Short text fragments from websites
[Start of section]
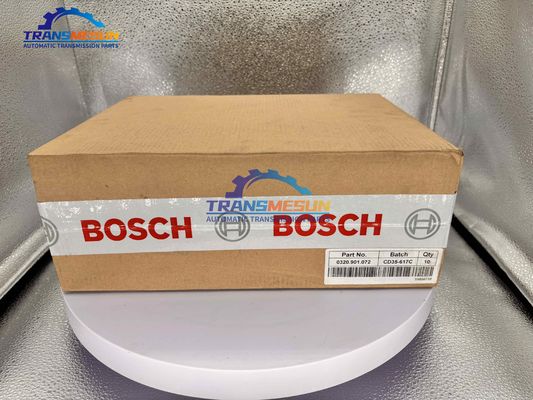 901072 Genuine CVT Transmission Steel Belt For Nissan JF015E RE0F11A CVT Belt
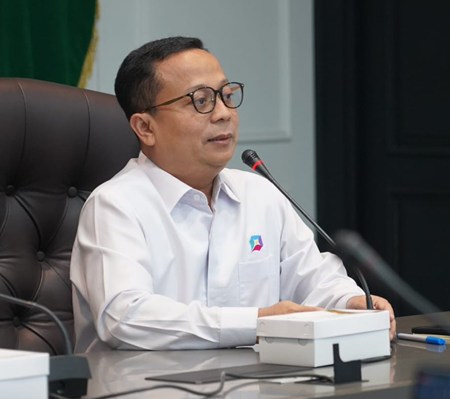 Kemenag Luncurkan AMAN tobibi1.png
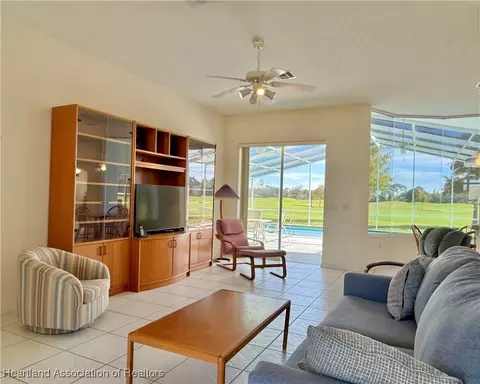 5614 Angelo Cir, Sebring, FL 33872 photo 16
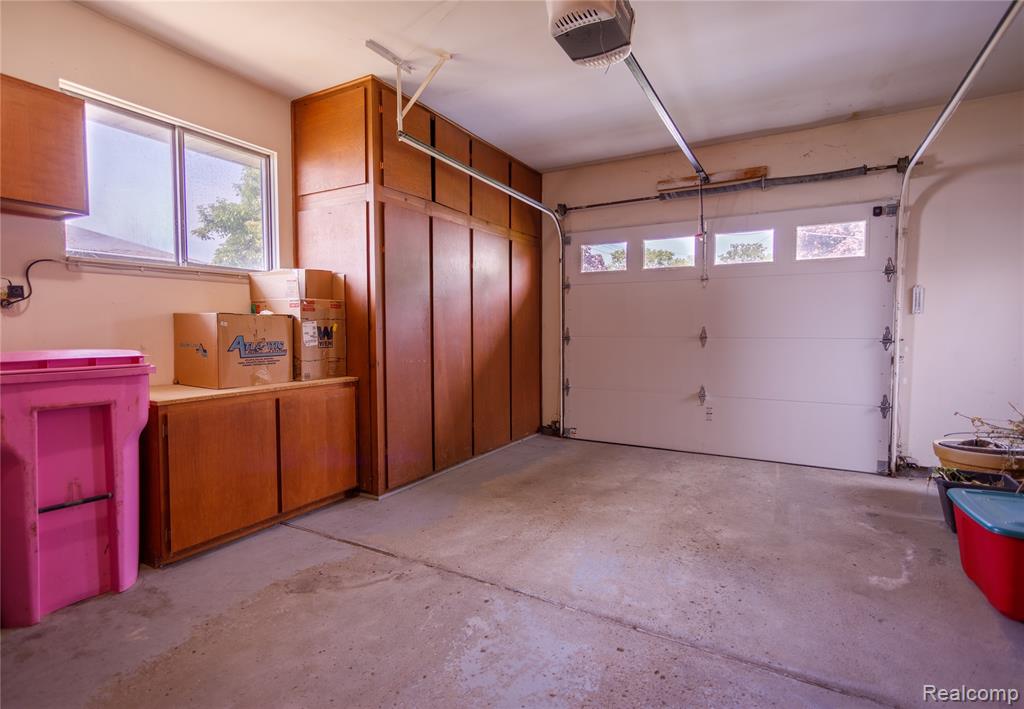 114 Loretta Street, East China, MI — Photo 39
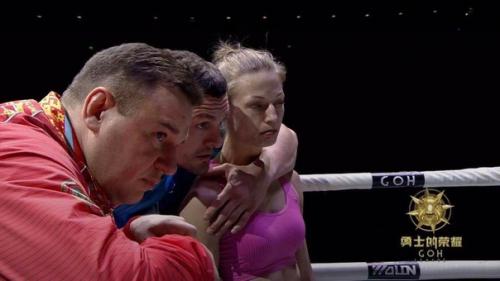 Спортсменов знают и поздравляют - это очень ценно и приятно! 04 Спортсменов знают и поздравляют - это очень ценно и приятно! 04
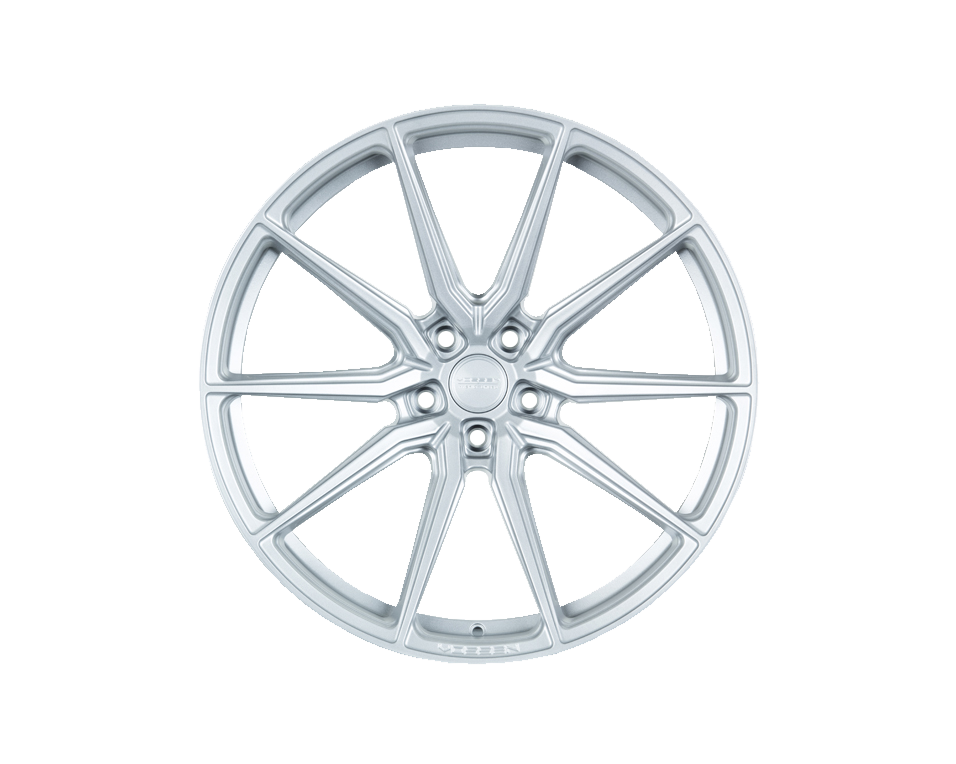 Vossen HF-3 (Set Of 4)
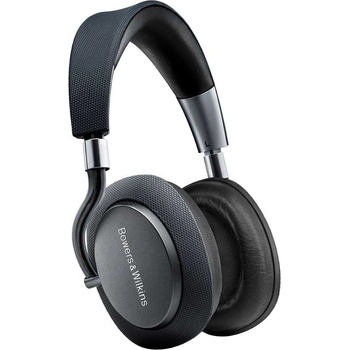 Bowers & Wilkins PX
[End of section]
## About this task
What is needed is an exact copy of the data, with the pictures removed.

## Response to this task
 901072 Genuine CVT Transmission Steel Belt For Nissan JF015E RE0F11A CVT Belt
 Kemenag Luncurkan AMAN tobibi1.png
 5614 Angelo Cir, Sebring, FL 33872 photo 16
 114 Loretta Street, East China, MI — Photo 39
 Спортсменов знают и поздравляют - это очень ценно и приятно! 04 Спортсменов знают и поздравляют - это очень ценно и приятно! 04
 Vossen HF-3 (Set Of 4)
 Bowers & Wilkins PX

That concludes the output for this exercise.